◆ **Requirement**: Below are some entries. Transcribe the lines from the one holding "Asian teen May" to the one holding "a bunch of pink", inclusive, but not the pictures among them.

BEGIN Data shown

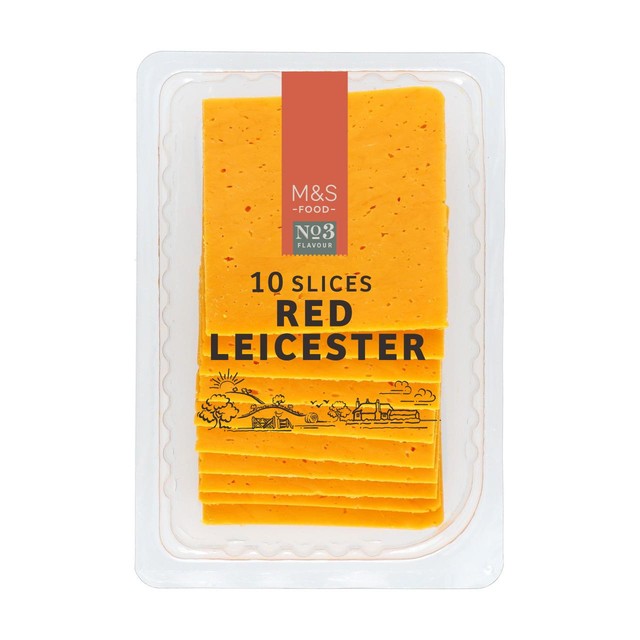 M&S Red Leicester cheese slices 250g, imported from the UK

END Data shown
BEGIN Data shown

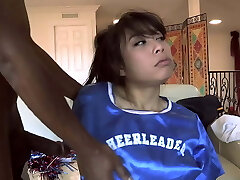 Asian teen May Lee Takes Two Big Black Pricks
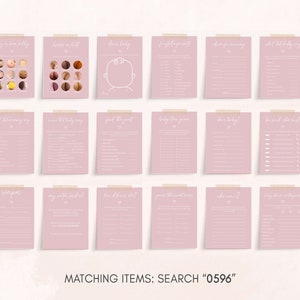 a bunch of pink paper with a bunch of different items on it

END Data shown
BEGIN Data shown

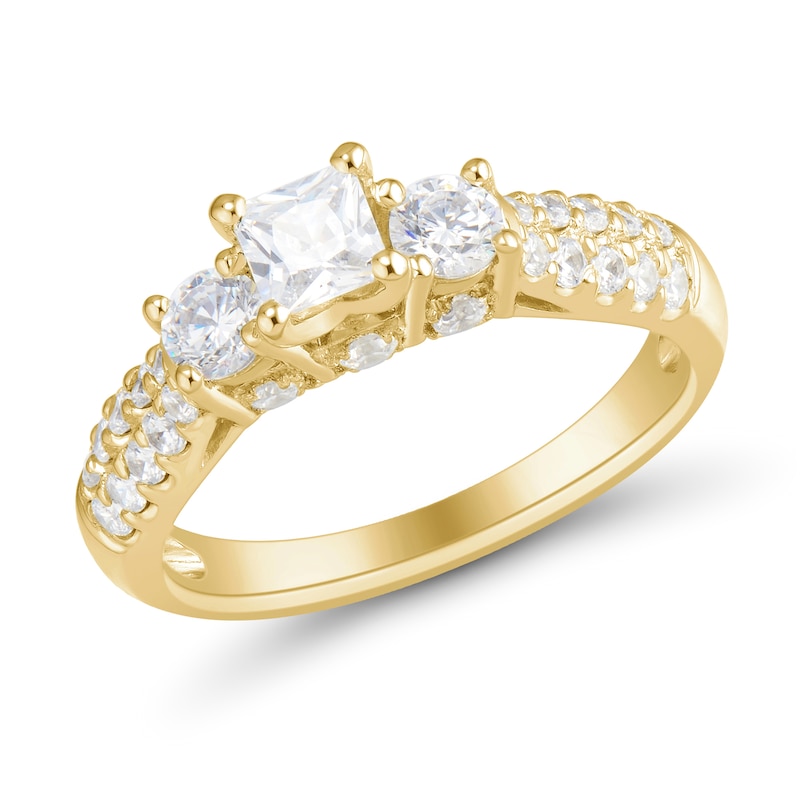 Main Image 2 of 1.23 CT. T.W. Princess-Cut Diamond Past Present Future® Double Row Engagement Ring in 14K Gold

END Data shown

◆ **Result of this exercise**:
 Asian teen May Lee Takes Two Big Black Pricks
 a bunch of pink paper with a bunch of different items on it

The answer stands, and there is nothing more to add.